::: Information supplied :::
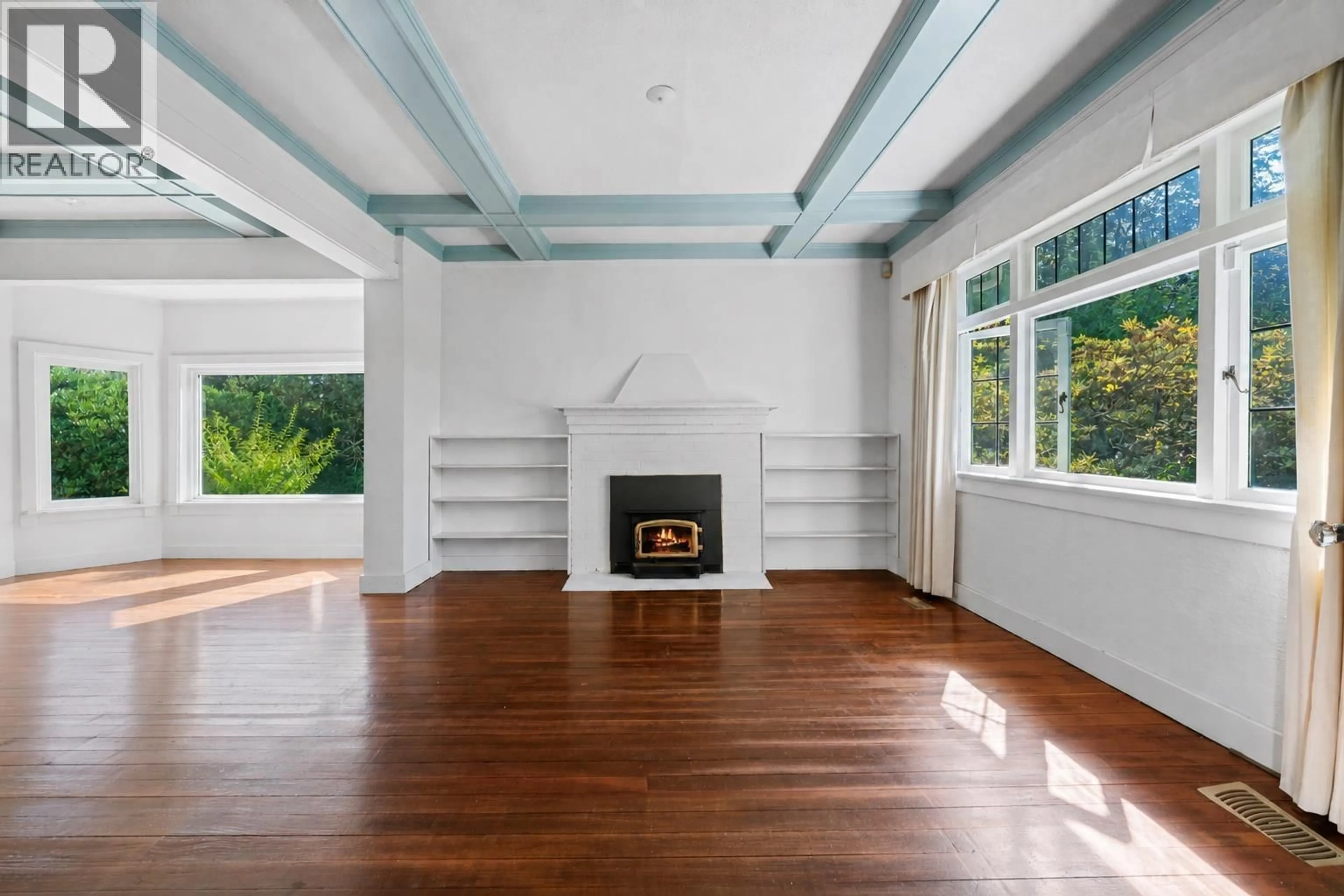 Unknown for 1376 11TH STREET, West Vancouver British Columbia V7T2M9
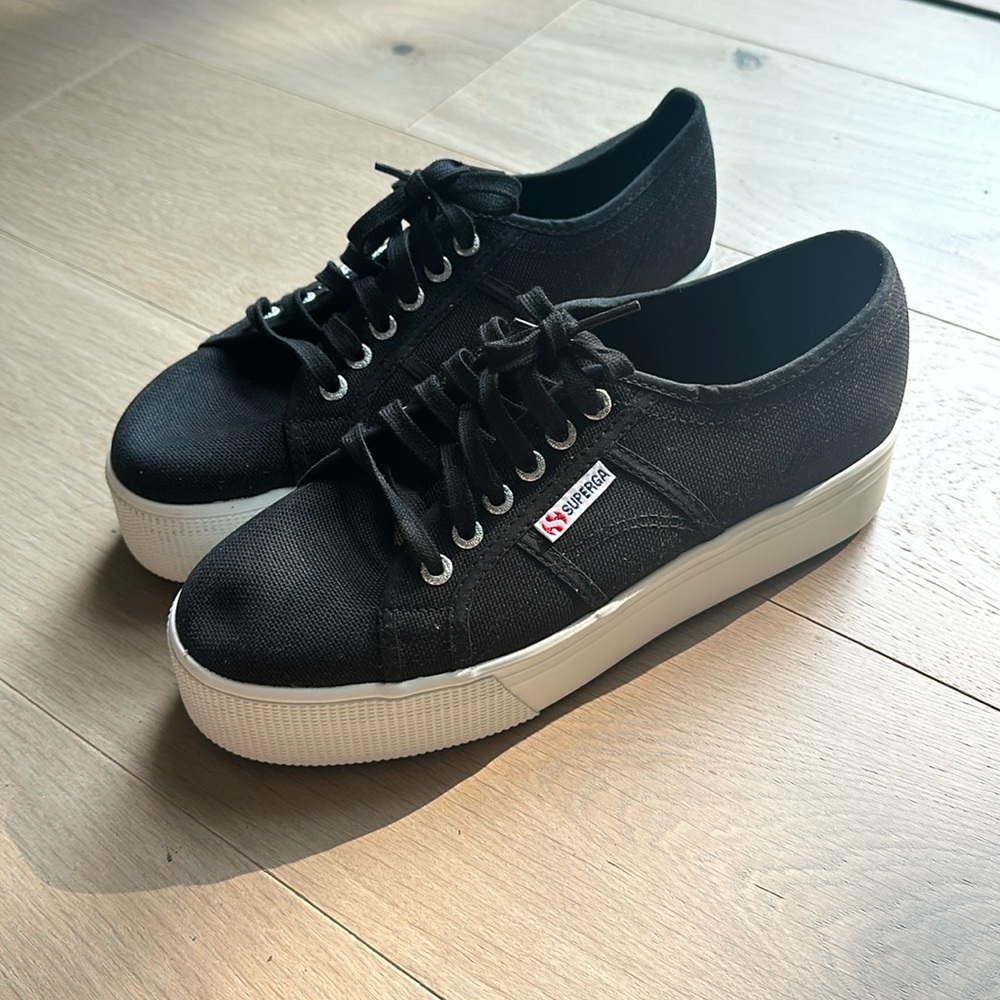 Brand new, superga black platforms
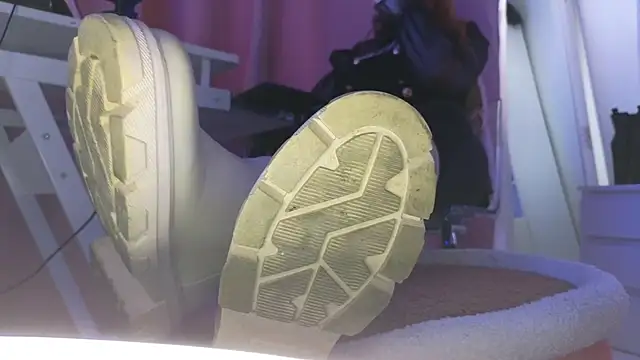 Snapshot of CruelSiren chatting on 11.26.25 CruelSiren online show from 11.26.25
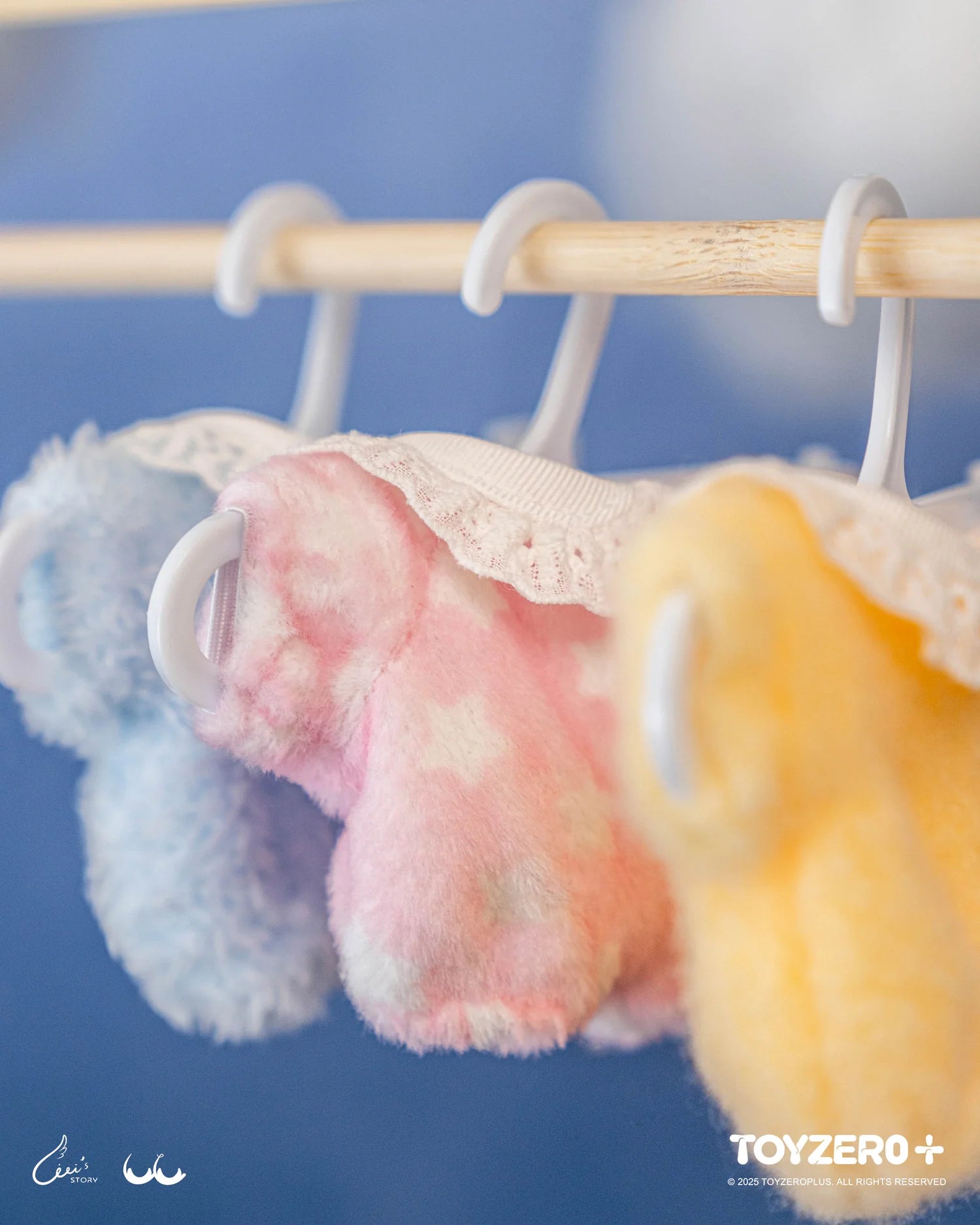 Lulu The Piggy-Lulu's Dreaming Wonderland Series Vinyl Plush Keychain Blind Box (Box of 6)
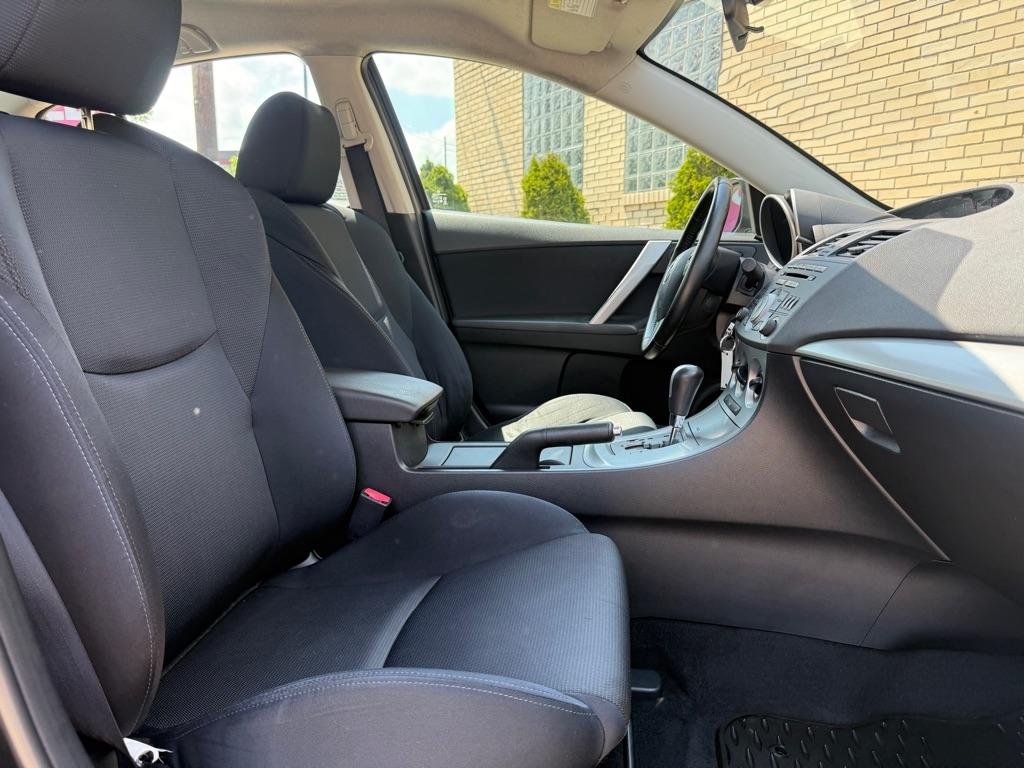 Mazda MAZDA3 s Sport 4-Door 2010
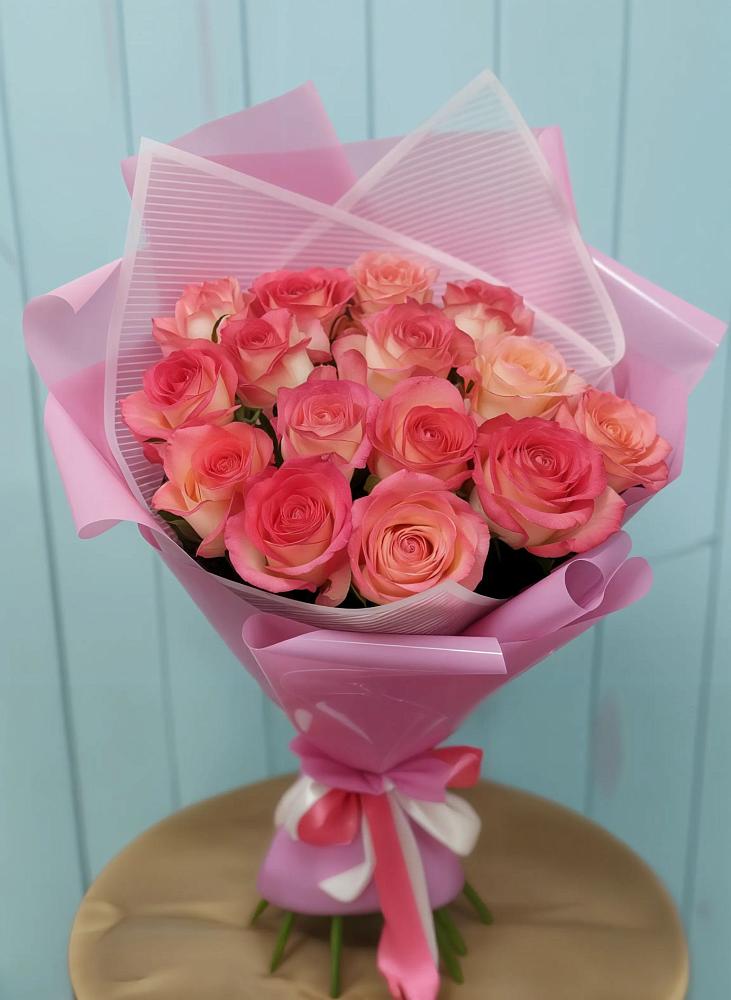 Букет 15 Розовых роз Равель в Тарбагатае Республики Бурятия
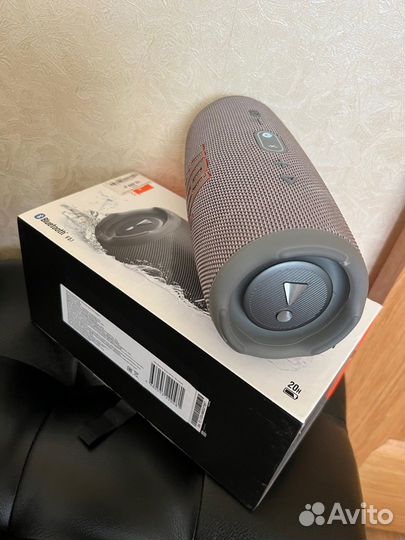 Bluetooth колонка jbl charge 5 полный комплект 40в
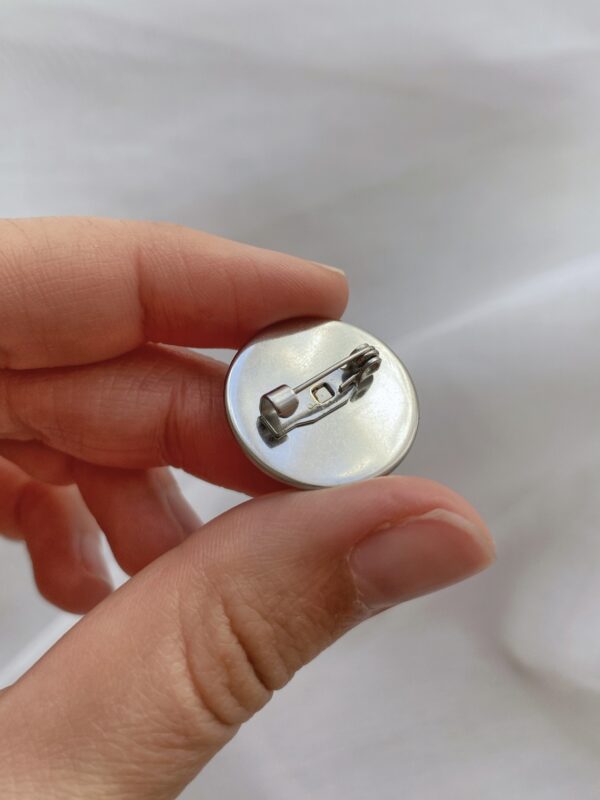 Petite broche fleur bouton d’or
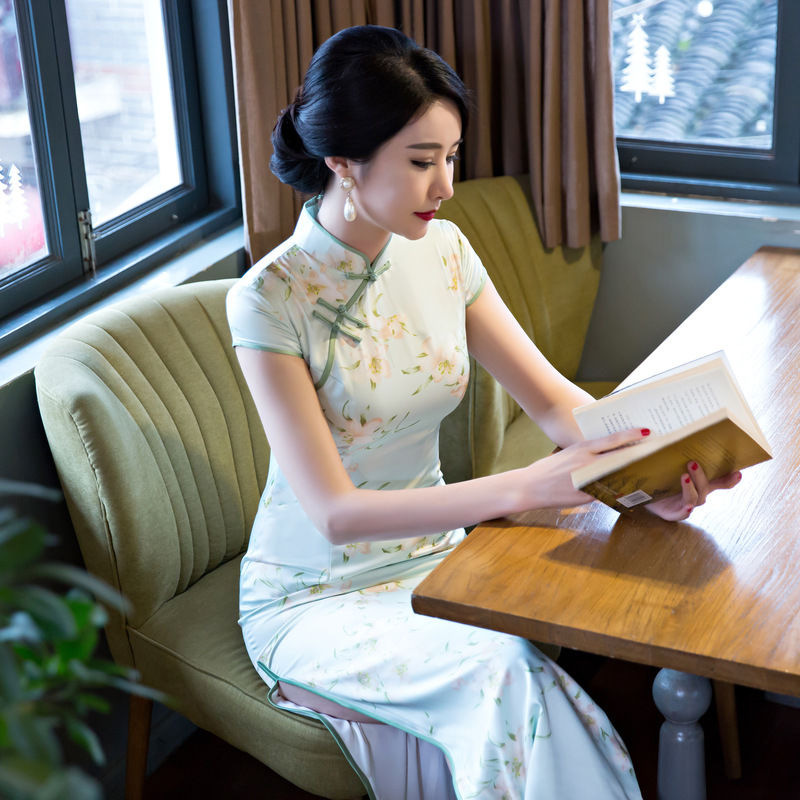 32岁媳妇真会打扮，同学聚会穿的第5款洋气旗袍，同学直呼嫩美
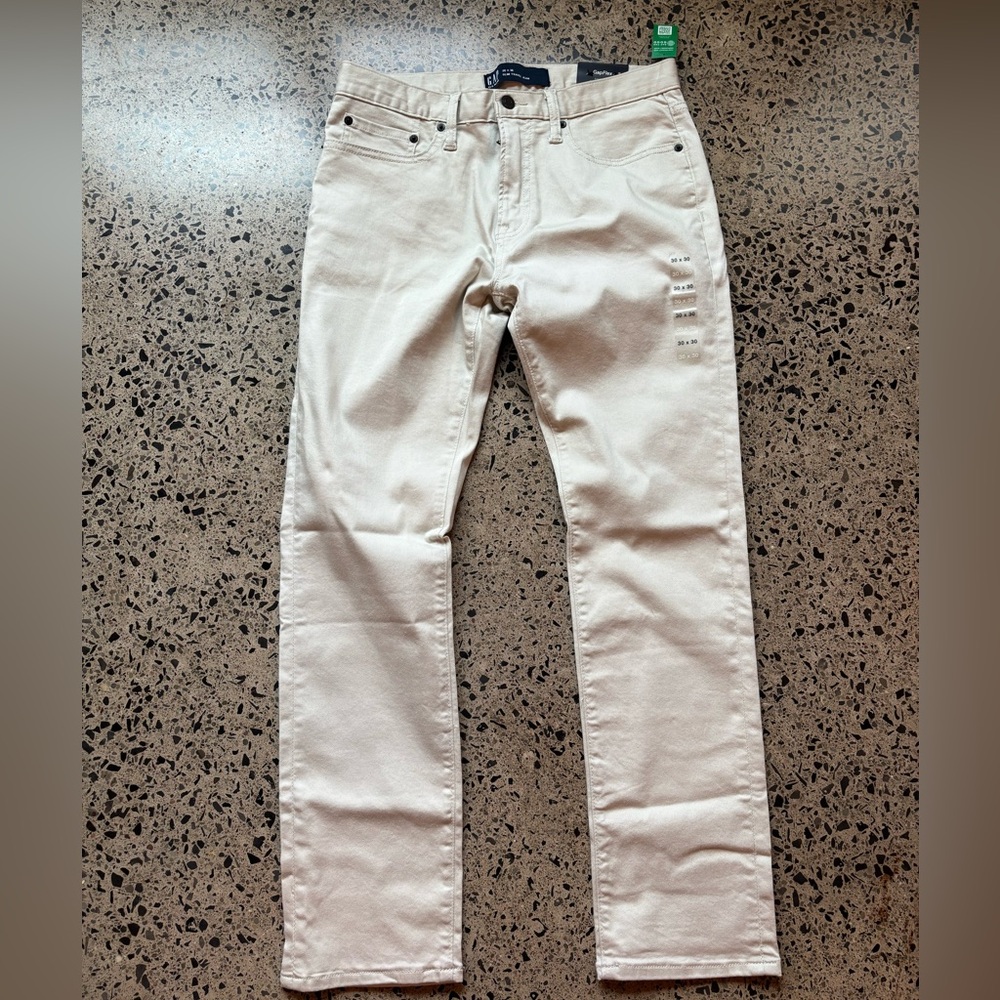 Gap slim traveler jeans beige size 30x30 NWT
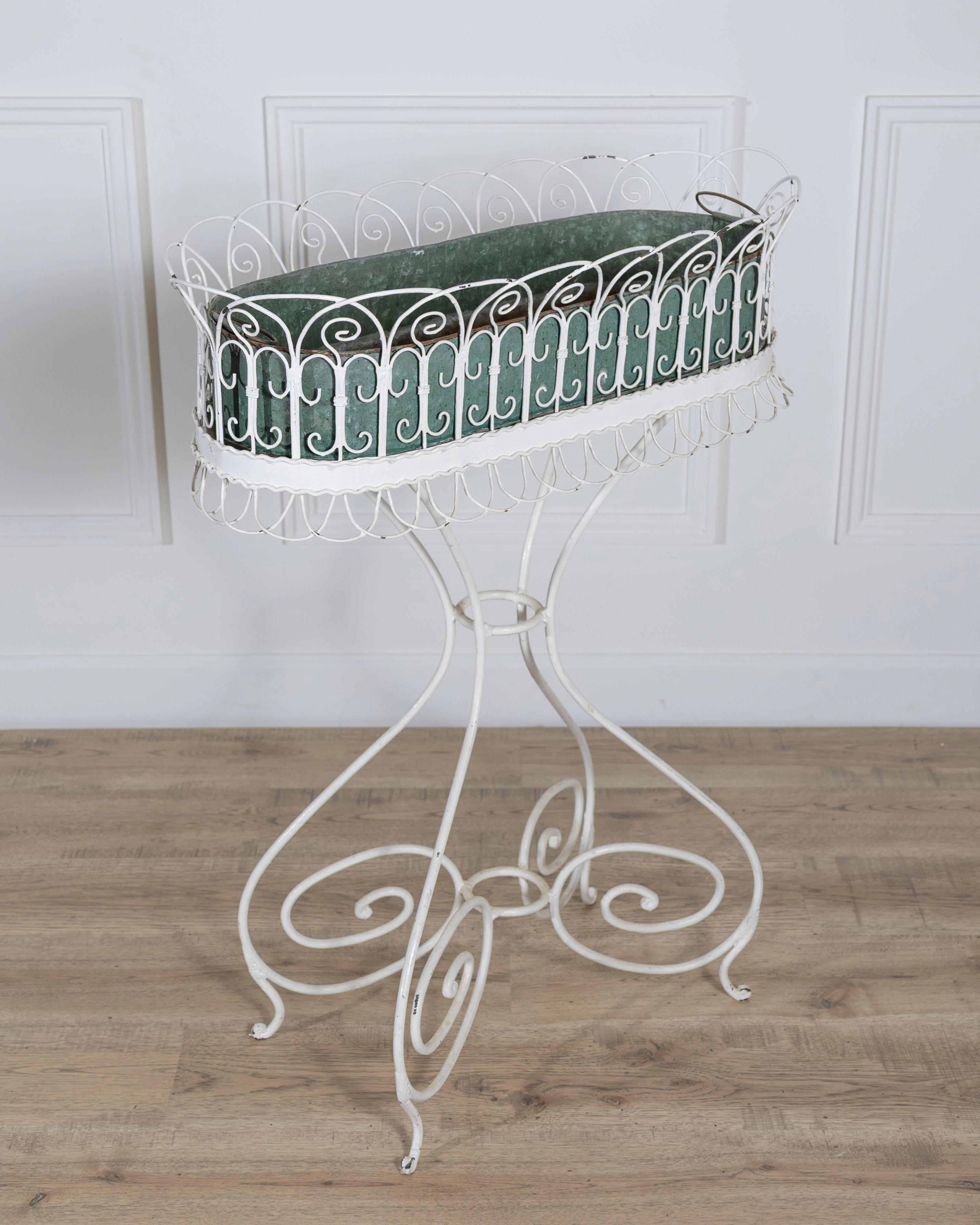 Wrought Iron Planter with Scrollwork Stand, 20th Century in vendita 1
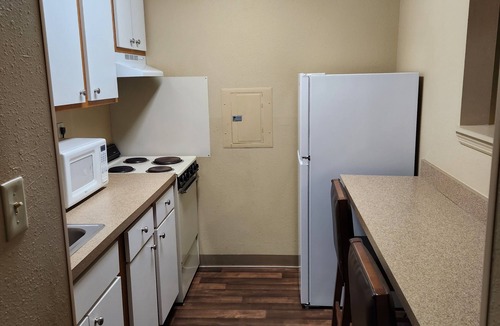 Don Scott Hotel | Suburban Studios Columbus - Dublin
:::
Images stay out; the entries above are to be printed exactly.

Answer to this problem:
 Unknown for 1376 11TH STREET, West Vancouver British Columbia V7T2M9
 Brand new, superga black platforms
 Snapshot of CruelSiren chatting on 11.26.25 CruelSiren online show from 11.26.25
 Lulu The Piggy-Lulu's Dreaming Wonderland Series Vinyl Plush Keychain Blind Box (Box of 6)
 Mazda MAZDA3 s Sport 4-Door 2010
 Букет 15 Розовых роз Равель в Тарбагатае Республики Бурятия
 Bluetooth колонка jbl charge 5 полный комплект 40в
 Petite broche fleur bouton d’or
 32岁媳妇真会打扮，同学聚会穿的第5款洋气旗袍，同学直呼嫩美
 Gap slim traveler jeans beige size 30x30 NWT
 Wrought Iron Planter with Scrollwork Stand, 20th Century in vendita 1
 Don Scott Hotel | Suburban Studios Columbus - Dublin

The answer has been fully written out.